Тинеке достала носовой платок и вытерла грязные щеки Кристиен. Ни один мускул не дрогнул на лице малышки. Тинеке вспомнила, что говорили о той сестры: туго соображает и даже как будто не всегда понимает, что ей говорят. «Она похожа на комок глины, – подумала юная послушница. – Интересно, сколько ей лет: пять или, может, шесть?»
В тот день во время вечерней молитвы Тинеке посадила Кристиен себе на колени. Малышка оказалась на удивление тяжелой и все время оставалась неподвижной, как каменный идол.
На следующее утро, прежде чем выйти в сад, Тинеке взяла с собой расческу. Устроившись рядом с Кристиен на скамейке, она принялась распутывать ее черные пряди. Они выглядели безжизненными, как мочалка. Кристиен терпела, не издав ни единого звука, и это удивило Тинеке. «Возможно, туземцы не чувствуют боли, когда их дергают за волосы», – подумала она, вырывая очередной колтун. Она, казалось, слышала о чем-то подобном.
Наконец Тинеке закончила работу и придирчиво оглядела малышку. Та стояла как истукан, и девушка пошла прочь. Отойдя на некоторое расстояние, она оглянулась и вздрогнула, охваченная неприятным чувством: этот неуклюжий безобразный ребенок неожиданно напомнил Тинеке ее саму.
С тех пор Тинеке решила избегать Кристиен. Однако девочка уже успела к ней привязаться. Она заявлялась в больницу и молча смотрела, как Тинеке промывает и обрабатывает раны, стоя на коленях рядом с какой-нибудь койкой. Поначалу девушке это не нравилось. Ей и без того была неприятна эта работа. Но потом Тинеке привыкла, что Кристиен следует за ней повсюду как тень.
Со временем она стала помогать Тинеке освободиться от ненужных мыслей. В присутствии неуклюжей малышки девушка будто забывала о собственной слабости и страхах. Скоро они уже сидели рядом на скамейке под варингиновым деревом. Случалось, Тинеке пела, но не божественные гимны, а песни, которые слышала в детстве от мамы. Она делала это не ради Кристиен, а для себя, но без Кристиен скорее всего ни за что на это бы не решилась. Девочка не понимала ни слова, однако слушала с таким вниманием, что Тинеке невольно ей позавидовала.

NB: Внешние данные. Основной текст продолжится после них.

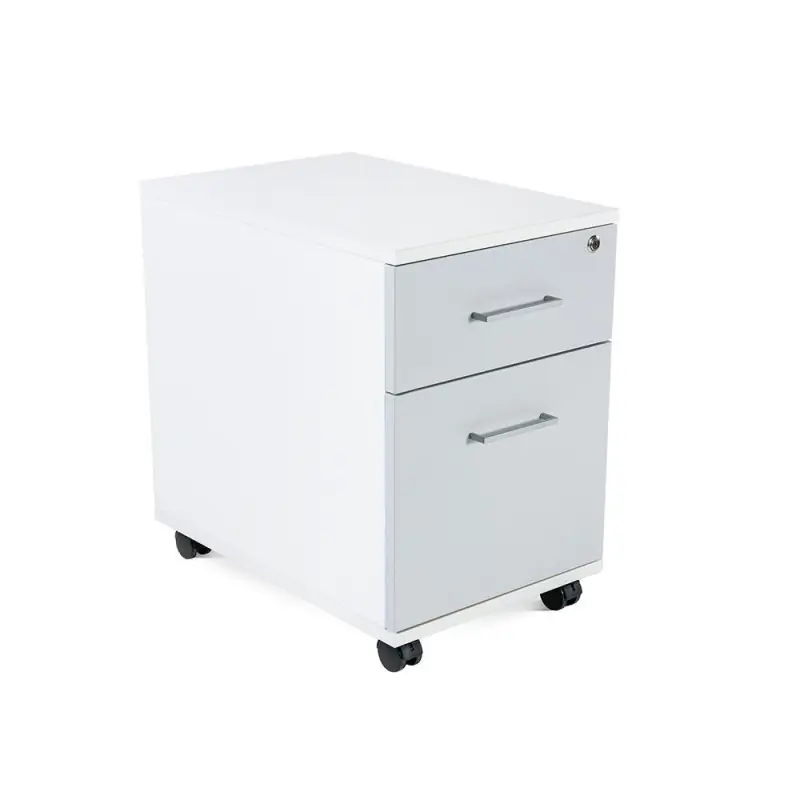 Marca Reconocida BUCK MÓVIL ROCADA "STORE" 1 CAJÓN Y CARPETERO ESTRUCTURA BLANCA - Gris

Она и сама хотела бы с таким жаром внимать голосу веры, но тот с каждым днем раздавался все глуше. Подумав об этом, Тинеке поднялась со скамьи и пошла прочь.

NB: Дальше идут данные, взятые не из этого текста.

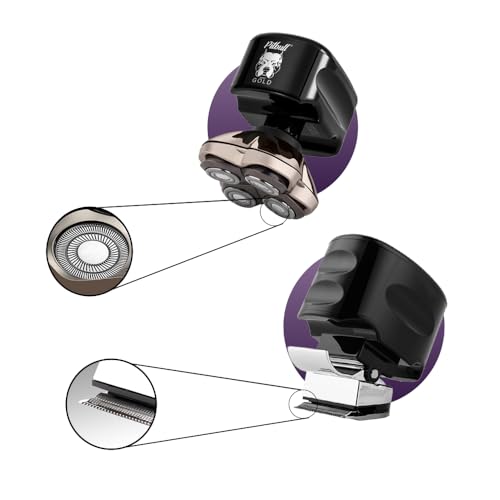 Image of skull shaver Male Pitbull Gold PRO Electric shaver With Beast Clipper PRO Trimmer (shaver With Clipper)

Каждое утро, куда бы Тинеке ни направлялась по делам, она всюду встречала Кристиен. Как-то раз она даже заметила на лице ребенка подобие улыбки. Тогда Тинеке взяла девочку под руку и вместе с ней стала смотреть, как джонгос отпирает ворота перед ожидавшими приема больными.
Шло время. Вскоре сестры заметили дружбу Тинеке и малышки и благословили ее. Они решили, что забота о ребенке пойдет на пользу юной послушнице, чье душевное состояние давно их беспокоило. Так Тинеке получила задание обучить маленькую «индо» грамоте.
Монахини и сами понимали, что пренебрегали этим ребенком, – у них и без того дел было невпроворот. К тому же солдат бесследно исчез и не присылал обещанных флоринов. Раньше они недоумевали, что делать с Кристиен, а теперь решение пришло само собой.
– Хорошо, что нашелся человек, взявший ее на попечение, – сказала сестра Береника, самая старшая среди монахинь по возрасту и дольше всех прожившая на Яве. – Иначе она непременно сбежала бы и сгинула в какой-нибудь деревушке в джунглях.
И что они сказали бы солдату, если бы он действительно вернулся?
Для Кристиен рядом с Тинеке время текло незаметно.